"""
AWS Service Level Indicator (SLI) Reporting Tool
This module provides functionality to generate SLI reports for AWS services by monitoring
Service Level Objectives (SLOs) using AWS Application Signals and CloudWatch metrics.
It helps track service health and performance against defined objectives.
"""
import logging
from dataclasses import dataclass
from datetime import datetime, timedelta
from typing import Dict, List, Optional, Any
import boto3
from botocore.client import BaseClient
from botocore.exceptions import ClientError
# Initialize module logger
logger = logging.getLogger(__name__)
@dataclass
class AWSConfig:
"""
Configuration class for AWS settings and service parameters.
Attributes:
region (str): AWS region identifier (default: us-west-1)

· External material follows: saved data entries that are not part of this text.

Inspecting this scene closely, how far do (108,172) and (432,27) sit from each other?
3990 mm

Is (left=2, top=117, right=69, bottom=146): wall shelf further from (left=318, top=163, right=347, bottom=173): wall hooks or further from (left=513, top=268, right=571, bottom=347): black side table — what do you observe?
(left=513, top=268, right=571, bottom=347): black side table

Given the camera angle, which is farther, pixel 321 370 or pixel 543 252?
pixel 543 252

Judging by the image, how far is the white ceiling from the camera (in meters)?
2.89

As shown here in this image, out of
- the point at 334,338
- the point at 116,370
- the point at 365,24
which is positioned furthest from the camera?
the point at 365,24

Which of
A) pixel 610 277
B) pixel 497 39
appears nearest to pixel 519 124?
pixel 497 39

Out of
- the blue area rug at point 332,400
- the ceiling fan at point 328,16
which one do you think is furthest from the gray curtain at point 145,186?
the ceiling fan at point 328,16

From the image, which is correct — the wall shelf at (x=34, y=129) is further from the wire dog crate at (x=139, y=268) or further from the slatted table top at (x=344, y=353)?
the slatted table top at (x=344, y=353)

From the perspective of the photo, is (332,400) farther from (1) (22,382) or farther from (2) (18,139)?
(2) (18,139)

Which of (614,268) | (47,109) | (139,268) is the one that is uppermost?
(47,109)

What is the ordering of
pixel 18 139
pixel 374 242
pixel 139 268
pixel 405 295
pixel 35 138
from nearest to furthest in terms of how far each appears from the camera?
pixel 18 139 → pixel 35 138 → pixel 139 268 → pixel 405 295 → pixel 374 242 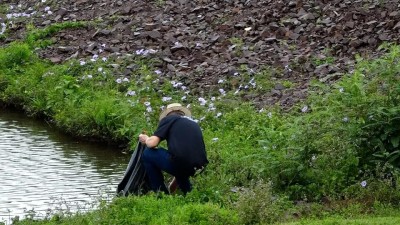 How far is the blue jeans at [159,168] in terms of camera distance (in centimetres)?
1188

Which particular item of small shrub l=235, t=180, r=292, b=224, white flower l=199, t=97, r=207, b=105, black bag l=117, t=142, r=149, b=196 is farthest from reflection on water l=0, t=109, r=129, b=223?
small shrub l=235, t=180, r=292, b=224

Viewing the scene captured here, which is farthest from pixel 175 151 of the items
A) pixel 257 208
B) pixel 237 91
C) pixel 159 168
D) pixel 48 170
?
pixel 237 91

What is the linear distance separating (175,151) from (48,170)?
3680 millimetres

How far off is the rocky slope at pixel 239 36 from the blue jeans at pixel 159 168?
13.2 feet

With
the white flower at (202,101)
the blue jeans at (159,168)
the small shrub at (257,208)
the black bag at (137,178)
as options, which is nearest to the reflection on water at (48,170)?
the black bag at (137,178)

period_in_hours (int): Time period for metrics collection (max 24 hours)
service_name (str): Name of the AWS service to monitor
"""
region: str
period_in_hours: int
service_name: str
service_environment: str
service_type: str
aws_account_id: str
def __init__(self,
region: str = "us-east-1",
period_in_hours: int = 24,
service_name: str = "UnknownService",
service_environment: str = "UnknownEnvironment",
service_type: str = "Service",
aws_account_id: str = ""):
self.region = region
self.period_in_hours = min(period_in_hours, 24) # Ensure period doesn't exceed 24 hours
self.service_name = service_name
self.service_environment = service_environment
self.service_type = service_type
if(aws_account_id != ""):
self.aws_account_id = aws_account_id
@property
def key_attributes(self) -> Dict[str, str]:
"""Returns the key attributes used to identify the service in AWS."""
return {"Name": self.service_name, "Type": self.service_type, "Environment": self.service_environment, "AwsAccountId": self.aws_account_id}
@dataclass
class SLOSummary:
"""
Data class representing a Service Level Objective summary.
Attributes:
name (str): Name of the SLO
arn (str): Amazon Resource Name
key_attributes (Dict): Service identification attributes
operation_name (str): Name of the monitored operation
created_time (datetime): When the SLO was created
evaluation_type(str): Evaluation Type of the SLO
"""
name: str
arn: str
key_attributes: Dict[str, str]
operation_name: str
created_time: datetime
evaluation_type: str
@dataclass
class MetricDataResult:
"""
Data class holding CloudWatch metric data results.
Attributes:
timestamps (List[datetime]): Timestamps of metric data points
values (List[float]): Corresponding metric values
"""
timestamps: List[datetime]
values: List[float]
class SLIReport:
"""
Class representing an SLI report with various metrics and status information.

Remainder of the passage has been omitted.